Нам нужно теперь дать правильную оценку и моменту «смысла в бессмыслице», которому авторы придают такое важное значение для характеристики остроумия и для объяснения доставляемого им удовольствия. Два твердо установленных пункта в условности остроумия, его тенденция добиваться исполненной удовольствия игры и его стремление оградить ее от критики разума, объясняют исчерпывающим образом, почему отдельная острота, кажущаяся с одной точки зрения бессмысленной, с другой точки зрения считается глубокомысленной или, по крайней мере, приемлемой. Как острота выполняет эти условия — это уже дело работы остроумия; там, где это ей не удается, острота отбрасывается как бессмыслица. Но для нас необязательно считать удовольствие от остроумия производным антагонизма чувств, вытекающих из смысла и одновременной бессмысленности остроты, будь то непосредственно или путем «смущения от непонимания и внезапного уяснения». Точно так же для нас не существует необходимости подойти ближе к вопросу, каким образом может вытекать удовольствие из смены оценки бессмыслицы оценкой осмысленности. Психогенез остроумия научил нас тому, что удовольствие от остроты вытекает из игры словами или из раскрепощения бессмыслицы, а смысл остроты предназначен только для того, чтобы защитить это удовольствие от упразднения его критикой.
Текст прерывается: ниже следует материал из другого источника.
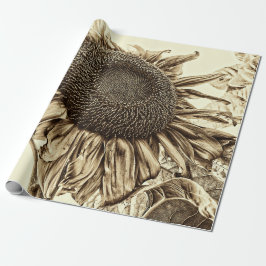 Papel De Presente Vintage Sunflower Sepia Tone Old Style Decoupage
Такой путь уже на исследовании шутки выясняет проблему сущности характера остроумия. Мы должны обратиться к дальнейшему развитию шутки до ее апогея — тенденциозной остроте. Уже шутка выдвигает на первый план получение нами удовольствия и удовлетворяется тем, что способ ее выражения не кажется нам бессмысленным или лишенным всякого содержания. Когда этот способ сам по себе содержателен и ценен, тогда шутка превращается в остроту. Мысль, которая заслужила бы наше внимание, будучи выраженной в самой простой форме, облекается теперь в такую форму, которая сама по себе может вызвать у нас удовольствие[59]. Конечно, такое соединение формы и содержания осуществляется не без цели. Мы должны так думать и постараемся найти цель, лежащую в основе этого образования остроты. Одно наблюдение, сделанное прежде в качестве предварительного, наводит нас на след. Мы выше отмечали, что удачная острота производит на нас совокупное впечатление приятного, без того чтобы мы различали, какая часть удовольствия проистекает из остроумной формы, а какая — из меткого содержания мысли.
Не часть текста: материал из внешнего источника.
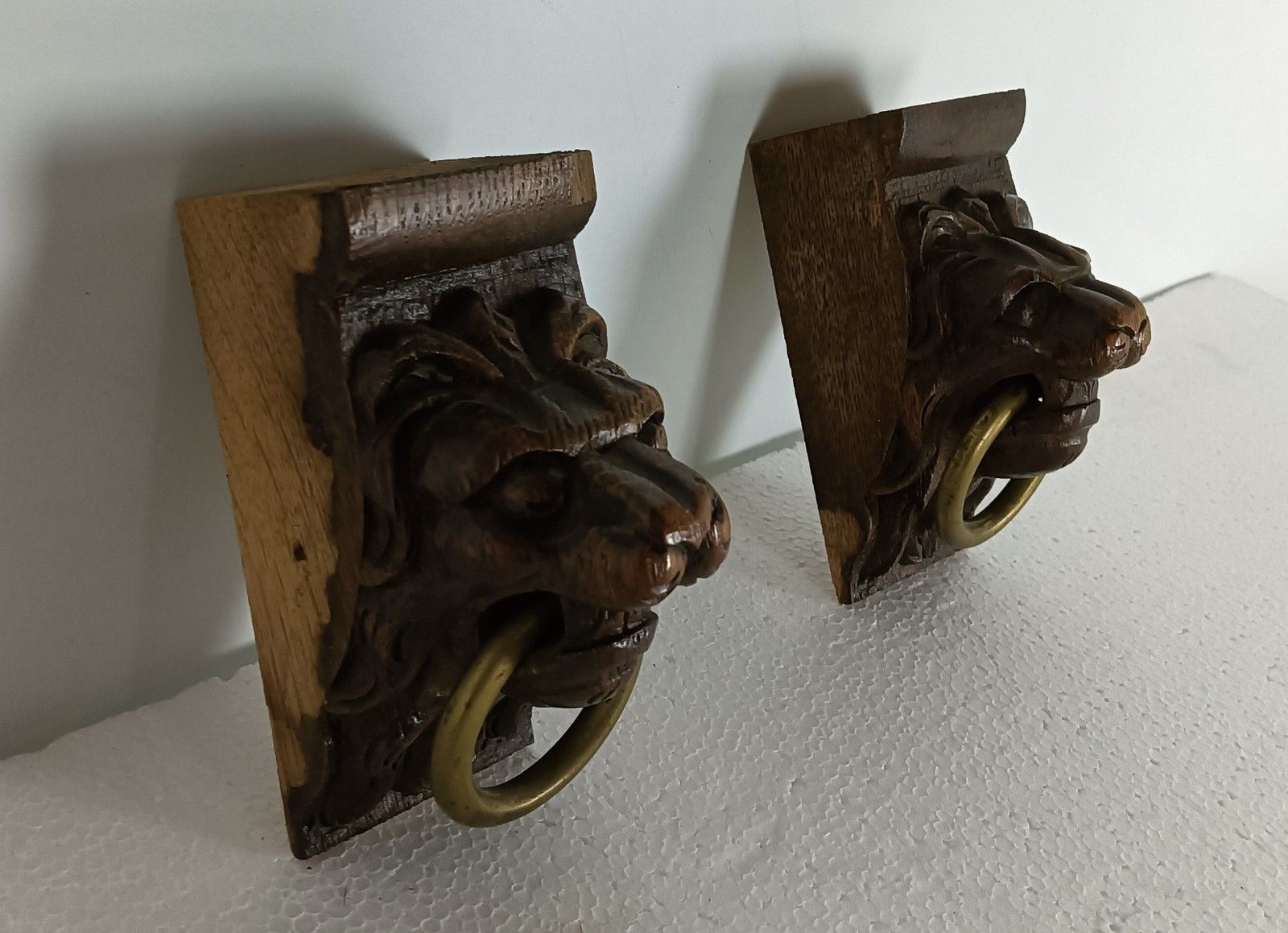 Antique Pair Corbels Hand Carved Wood Architectural Reclaimed Lion Heads Trims R photo for sale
Мы всегда обманываемся относительно этого подразделения. Мы то переоцениваем качество остроты, удивляясь содержащейся в ней мысли; то, наоборот, переоцениваем ценность мысли из-за удовольствия, доставляемого нам остроумной оболочкой. Мы не знаем, что доставляет нам удовольствие, по поводу чего мы смеемся. Эта предполагаемая неуверенность нашего мышления может дать нам повод к образованию остроты в собственном смысле. Мысль ищет остроумную оболочку, так как благодаря ей она обращает на себя наше внимание, может показаться нам более значительной, более ценной; но прежде всего потому, что эта оболочка подкупает и запутывает нашу критику. Мы склонны приписать самой мысли то, что понравилось нам в остроумной форме. Кроме того, мы не имеем больше желания искать неправильное в том, что доставило нам удовольствие, боясь закрыть себе таким образом источник удовольствия. Если острота вызвала у нас смех, то в нас еще создается неблагоприятное для критики предрасположение, так как мы приходим тогда, с некоторой точки зрения, в такое настроение, в каком еще способны удовлетворяться игрой и изменить которое остроумие старалось всеми средствами. Хотя мы прежде установили, что такую остроту нужно назвать безобидной или нетенденциозной, однако мы не можем не признать, что только шутка лишена тенденций, то есть служит только одной цели — доставлять удовольствие. Острота, собственно, никогда не бывает лишена тенденции, даже если содержащаяся в ней мысль сама по себе не тенденциозна и служит, таким образом, теоретическому интересу мышления. Она преследует другую цель: преувеличение мысли, для того чтобы она не осталась незамеченной, и ограждение ее от критики. Она проявляет здесь опять-таки свою первоначальную природу, противопоставляя себя задерживающей и ограничивающей силе, в данном случае — критическому суждению.